_ABOUT THIS TASK_
Print the records exactly as given.

_ENTRIES PROVIDED_
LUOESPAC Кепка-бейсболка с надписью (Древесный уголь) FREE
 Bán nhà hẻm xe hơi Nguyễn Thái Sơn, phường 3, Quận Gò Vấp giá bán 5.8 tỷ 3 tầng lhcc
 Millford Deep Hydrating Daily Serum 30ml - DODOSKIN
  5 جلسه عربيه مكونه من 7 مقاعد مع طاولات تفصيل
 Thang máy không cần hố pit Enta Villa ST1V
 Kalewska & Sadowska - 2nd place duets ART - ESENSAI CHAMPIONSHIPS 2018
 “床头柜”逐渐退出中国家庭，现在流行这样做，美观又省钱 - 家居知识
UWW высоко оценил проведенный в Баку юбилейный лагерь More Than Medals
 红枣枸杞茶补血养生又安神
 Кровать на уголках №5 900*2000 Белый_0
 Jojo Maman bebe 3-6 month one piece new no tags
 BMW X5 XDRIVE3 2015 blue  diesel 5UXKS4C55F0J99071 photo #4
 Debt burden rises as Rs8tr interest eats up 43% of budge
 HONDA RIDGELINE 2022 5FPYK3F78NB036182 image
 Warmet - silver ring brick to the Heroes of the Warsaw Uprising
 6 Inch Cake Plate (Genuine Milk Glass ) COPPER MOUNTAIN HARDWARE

_ANSWER FOR THE TASK_
LUOESPAC Кепка-бейсболка с надписью (Древесный уголь) FREE
 Bán nhà hẻm xe hơi Nguyễn Thái Sơn, phường 3, Quận Gò Vấp giá bán 5.8 tỷ 3 tầng lhcc
 Millford Deep Hydrating Daily Serum 30ml - DODOSKIN
  5 جلسه عربيه مكونه من 7 مقاعد مع طاولات تفصيل
 Thang máy không cần hố pit Enta Villa ST1V
 Kalewska & Sadowska - 2nd place duets ART - ESENSAI CHAMPIONSHIPS 2018
 “床头柜”逐渐退出中国家庭，现在流行这样做，美观又省钱 - 家居知识
UWW высоко оценил проведенный в Баку юбилейный лагерь More Than Medals
 红枣枸杞茶补血养生又安神
 Кровать на уголках №5 900*2000 Белый_0
 Jojo Maman bebe 3-6 month one piece new no tags
 BMW X5 XDRIVE3 2015 blue  diesel 5UXKS4C55F0J99071 photo #4
 Debt burden rises as Rs8tr interest eats up 43% of budge
 HONDA RIDGELINE 2022 5FPYK3F78NB036182 image
 Warmet - silver ring brick to the Heroes of the Warsaw Uprising
 6 Inch Cake Plate (Genuine Milk Glass ) COPPER MOUNTAIN HARDWARE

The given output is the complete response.